En attendant de rentrer chez eux
Haut-commissaire des Nations unies pour les réfugiés
Le 20 juin était la Journée mondiale du réfugié, l’occasion de penser aux millions de personnes déracinées dans le monde qui attendent toujours de rentrer chez elles. Elles font partie des personnes les plus vulnérables et elles doivent constituer une priorité. La communauté internationale, qui s’est sentie obligée de dépenser des centaines de milliards pour secourir les systèmes financiers, devrait également ressentir l’obligation de secourir des personnes dans une situation de besoin aussi désespérée.
Il y a actuellement quelque 42 millions de victimes de conflits et de persécutions dans le monde, réfugiés ou déracinés à l’intérieur de leur propre pays, dont un grand nombre depuis des années. Parmi eux, il y a près de 6 millions de réfugiés qui se trouvent exilés – pour la plupart dans des camps – depuis cinq ans ou plus dans des situations que les humanitaires appellent « situations de réfugiés prolongées ». Ces situations n’incluent cependant pas les millions d’autres personnes déracinées qui sont déplacées à l’intérieur de leur propre pays. Un grand nombre d’entre elles sont également dans l’incapacité de rentrer chez elles, parfois depuis des décennies.
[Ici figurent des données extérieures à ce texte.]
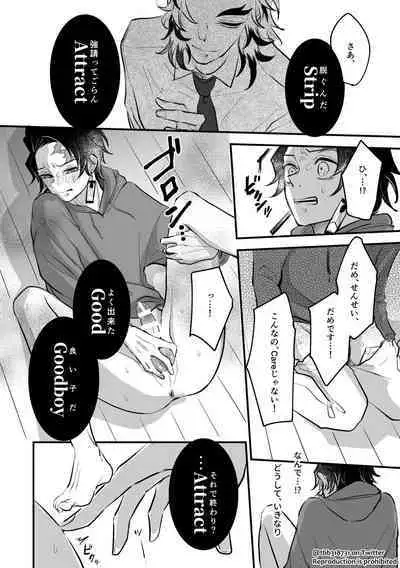 TakeTan Tamasudare Omake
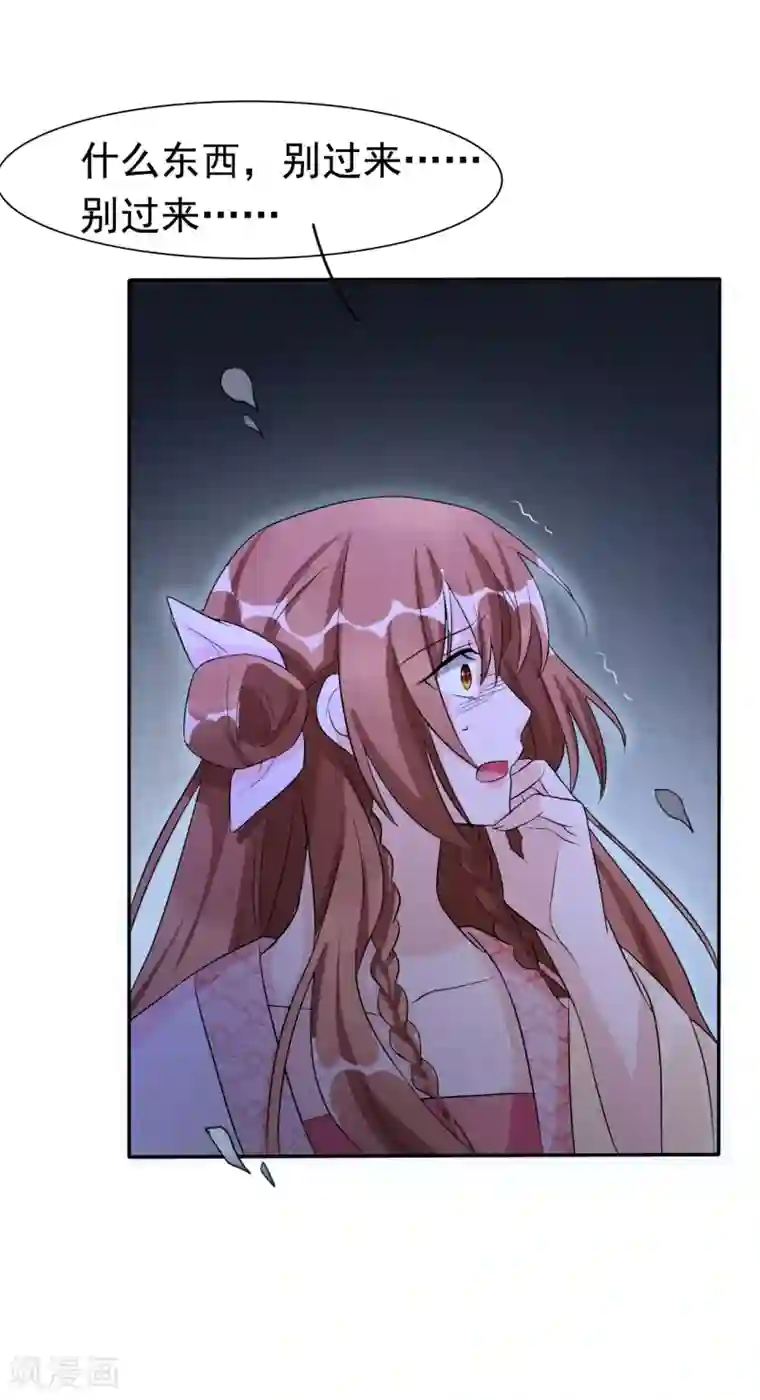 皇子夫君，我养你啊第7话 哦豁，这是被抓包了？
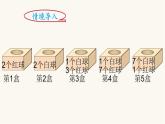 北師大版四年級數(shù)學(xué)上冊第8單元4.8.2摸球游戲課件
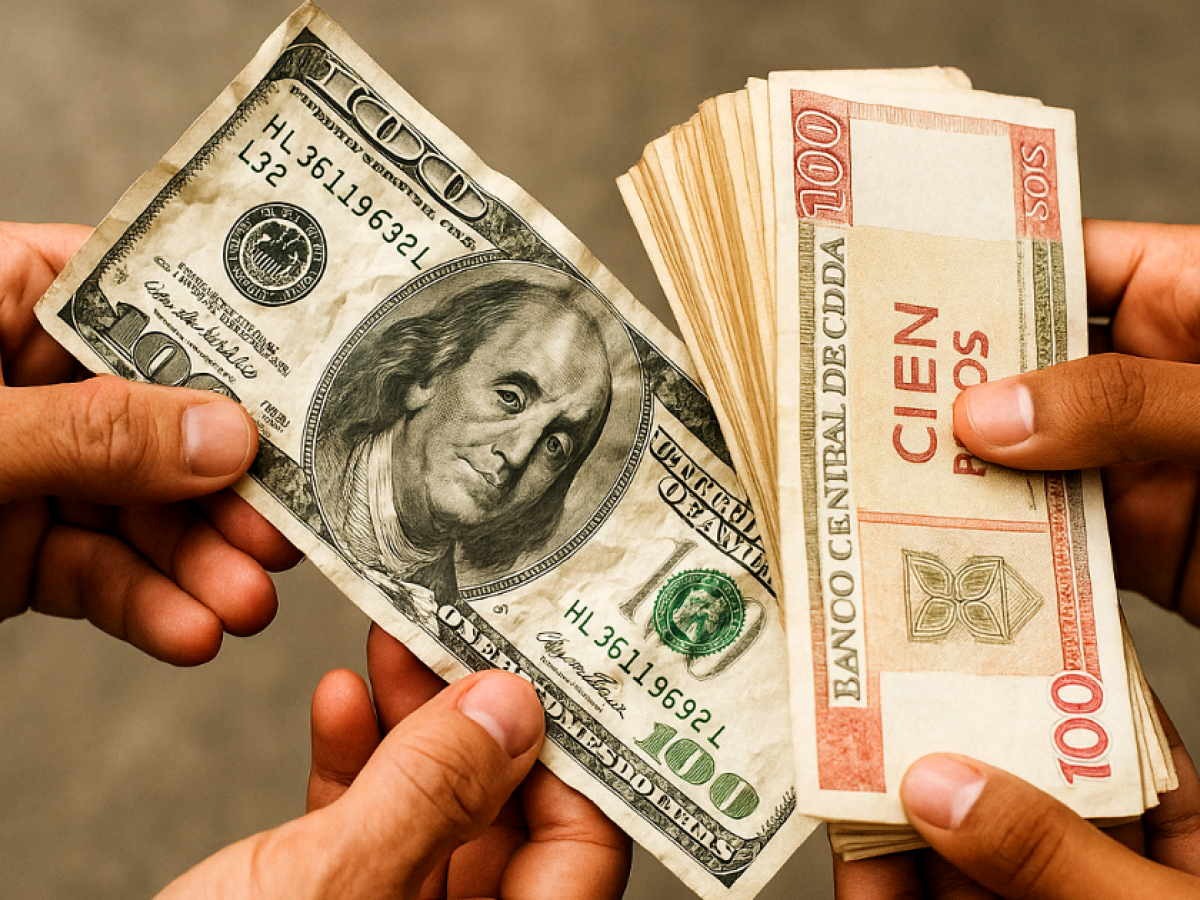 美元在古巴继续下跌，因宣布“官方外汇市场”。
Bien que le droit international fasse une distinction entre les réfugiés et les personnes déplacées à l’intérieur de leur propre pays, ces distinctions sont absurdes pour les personnes contraintes de quitter leur foyer et qui ont tout perdu. Les personnes déracinées méritent la même assistance, qu’elles aient ou non franchi une frontière internationale. C’est la raison pour laquelle le HCR coopère avec d’autres agences de l’ONU pour fournir aux déplacés internes l’assistance dont ils ont besoin, de la même façon que nous le faisons pour les réfugiés.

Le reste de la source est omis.